These look wrong according to the PG documentation.

Re: BUG #5257: wrong results of SUBSTRING with SQL regular expressions

From
Tom Lane
Date:
"Roman Kononov" <kononov@ftml.net> writes:
> test=# select substring('34' from '(2|3)#"4#"' for '#');
>  substring
> -----------
>  3
> (1 row)

Hmm.  I guess we need to translate ( and ) to non-capturing parens.

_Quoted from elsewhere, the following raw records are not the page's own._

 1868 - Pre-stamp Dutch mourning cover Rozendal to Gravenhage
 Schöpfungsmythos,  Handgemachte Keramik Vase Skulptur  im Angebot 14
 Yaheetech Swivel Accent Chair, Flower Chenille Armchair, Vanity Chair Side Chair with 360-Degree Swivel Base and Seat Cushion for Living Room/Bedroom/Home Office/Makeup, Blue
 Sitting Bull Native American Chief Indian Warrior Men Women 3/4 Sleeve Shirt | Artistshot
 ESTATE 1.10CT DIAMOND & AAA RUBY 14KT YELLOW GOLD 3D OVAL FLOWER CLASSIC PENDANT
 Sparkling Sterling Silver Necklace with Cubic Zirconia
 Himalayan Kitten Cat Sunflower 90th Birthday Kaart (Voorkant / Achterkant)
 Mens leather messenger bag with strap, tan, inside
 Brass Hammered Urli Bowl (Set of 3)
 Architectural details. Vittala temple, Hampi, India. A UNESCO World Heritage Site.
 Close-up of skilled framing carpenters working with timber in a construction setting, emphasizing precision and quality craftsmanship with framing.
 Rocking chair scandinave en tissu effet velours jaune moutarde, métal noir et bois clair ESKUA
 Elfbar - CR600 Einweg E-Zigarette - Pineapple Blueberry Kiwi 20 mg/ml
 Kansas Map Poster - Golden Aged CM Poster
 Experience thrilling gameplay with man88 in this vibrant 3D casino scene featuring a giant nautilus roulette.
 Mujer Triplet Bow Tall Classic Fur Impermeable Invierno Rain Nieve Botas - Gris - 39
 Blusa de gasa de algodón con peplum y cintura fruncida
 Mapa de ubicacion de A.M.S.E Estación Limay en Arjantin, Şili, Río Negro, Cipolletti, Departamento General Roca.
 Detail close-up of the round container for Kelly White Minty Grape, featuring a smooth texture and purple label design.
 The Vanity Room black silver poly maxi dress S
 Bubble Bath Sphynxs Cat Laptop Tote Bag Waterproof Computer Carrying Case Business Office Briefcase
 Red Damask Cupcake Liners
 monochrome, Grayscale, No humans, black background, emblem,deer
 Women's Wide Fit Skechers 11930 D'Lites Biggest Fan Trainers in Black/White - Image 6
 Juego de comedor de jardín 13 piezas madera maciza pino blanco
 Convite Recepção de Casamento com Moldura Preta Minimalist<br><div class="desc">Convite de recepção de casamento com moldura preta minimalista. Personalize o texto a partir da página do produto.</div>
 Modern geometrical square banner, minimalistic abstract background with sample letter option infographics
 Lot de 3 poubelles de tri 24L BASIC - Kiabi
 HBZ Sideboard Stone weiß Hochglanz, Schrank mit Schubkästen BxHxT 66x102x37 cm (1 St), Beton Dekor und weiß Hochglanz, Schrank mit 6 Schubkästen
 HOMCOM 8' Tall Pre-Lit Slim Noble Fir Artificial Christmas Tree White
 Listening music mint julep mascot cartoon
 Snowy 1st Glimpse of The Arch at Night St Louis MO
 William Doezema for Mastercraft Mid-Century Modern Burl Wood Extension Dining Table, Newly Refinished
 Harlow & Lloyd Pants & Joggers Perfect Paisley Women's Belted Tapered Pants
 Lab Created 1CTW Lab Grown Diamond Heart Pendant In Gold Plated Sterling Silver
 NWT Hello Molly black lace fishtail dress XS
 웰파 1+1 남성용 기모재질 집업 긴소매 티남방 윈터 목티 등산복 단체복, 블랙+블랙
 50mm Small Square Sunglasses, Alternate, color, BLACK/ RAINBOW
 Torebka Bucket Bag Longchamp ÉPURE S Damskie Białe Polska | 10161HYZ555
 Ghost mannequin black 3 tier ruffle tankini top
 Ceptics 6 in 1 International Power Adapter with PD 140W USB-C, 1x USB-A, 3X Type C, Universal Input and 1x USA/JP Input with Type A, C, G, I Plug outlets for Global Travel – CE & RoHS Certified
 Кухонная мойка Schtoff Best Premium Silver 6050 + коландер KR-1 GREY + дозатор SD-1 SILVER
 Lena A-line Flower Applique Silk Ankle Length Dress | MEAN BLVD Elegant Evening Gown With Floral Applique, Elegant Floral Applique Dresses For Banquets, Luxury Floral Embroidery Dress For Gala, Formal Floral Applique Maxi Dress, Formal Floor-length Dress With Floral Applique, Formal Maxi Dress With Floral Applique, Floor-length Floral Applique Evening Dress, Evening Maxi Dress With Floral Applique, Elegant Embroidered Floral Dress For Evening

> test=# select substring('^' from '#"^#"' for '#');
>  substring
> -----------
>
> (1 row)

> test=# select substring('$' from '#"$#"' for '#');
>  substring
> -----------
>
> (1 row)

These cases are already fixed in HEAD.
http://archives.postgresql.org/pgsql-committers/2009-10/msg00048.php

            regards, tom lane

Re: BUG #5257: wrong results of SUBSTRING with SQL regular expressions

From
Roman Kononov
Date:
I don't know what SQL2008 says about SUBSTRING, but SQL2003 says in
ISO/IEC 9075-2:2003 (E), 6.29 <string value function>, General Rules,
5), page 261:

d) If R [the regular expression] does not contain exactly two
occurrences of the two-character sequence consisting of E [the escape
character], each immediately followed by <double quote>, then an
exception condition is raised: data exception - invalid use of escape
character.

This means that the following is wrong:

test-std=# select substring('a' from 'a' for '#');
  substring
-----------
  a
(1 row)